So he drove to Bucknell in 2002 to pitch his idea to his friends. Furman would handle the scientific part of the equation, and Hazlik and Fritze would provide the business expertise. They chose the Eastern Shore for its close proximity to the ocean and several major markets.

Marvesta ShrimpToday, Marvesta (mar means ocean, Vesta is the goddess of home and hearth) has grown to five two-story-high greenhouses, where more than 50,000 pounds of healthy, happy shrimp were produced in 2006. What makes their indoor facility unique is that shrimp can be harvested daily, unlike outdoor shrimp farms, which are harvested twice a year and the crop then frozen. In addition, Marvesta doesn’t feed their shrimp any antibiotics, steroids, or hormones, so they qualify as organically grown, very appealing to local chefs. The company provides fresh shrimp to more than fifteen upscale restaurants between Easton, St. Michaels, Annapolis, and Baltimore. “I began buying eight pounds of shrimp a week in August,” says chef Andrew Evans, owner of The Inn at Easton. “They sell really well. The shrimp are very sweet; they’re really sushi quality.”

Furman, Fritze, and Hanzlik are now consumed with a new problem: The demand for their shrimp far exceeds supply. They’re currently looking to relocate and hoping to find a fifty-acre site on the Eastern Shore that can handle fifty greenhouses.

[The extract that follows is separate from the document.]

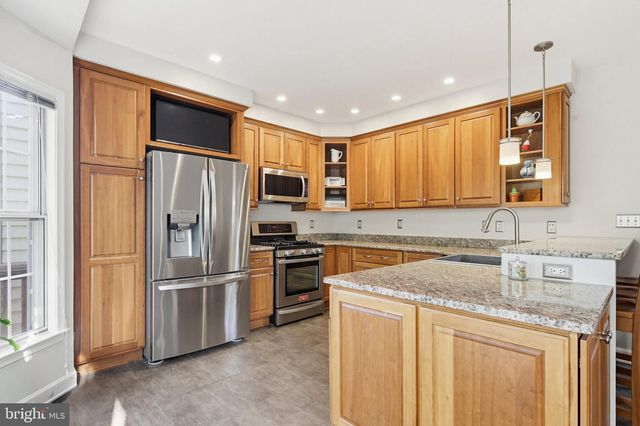 6516 MILVA LN, Springfield, VA 22150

“Marvesta Shrimp Farms is doing something no one else is doing; they are way ahead of the curve in terms of production quality,” says Tom Ziegler, CEO of Zeigler Bros., a longstanding specialized feed company, which supplies Marvesta. “They’ve figured out a way to produce shrimp in a controlled environment and in a cost-effective way, and they’re delivering it fresh to the marketplace. I think this is the future of aquaculture.”

The three shrimp guys agree. “I’m not saying we’re Gutenberg inventing the printing press,” says Fritze, “but we’re pioneering an industry and literally building our business from scratch. The oceans are being depleted, yet here we are producing pampered shrimp. This is Club Med for shrimp.”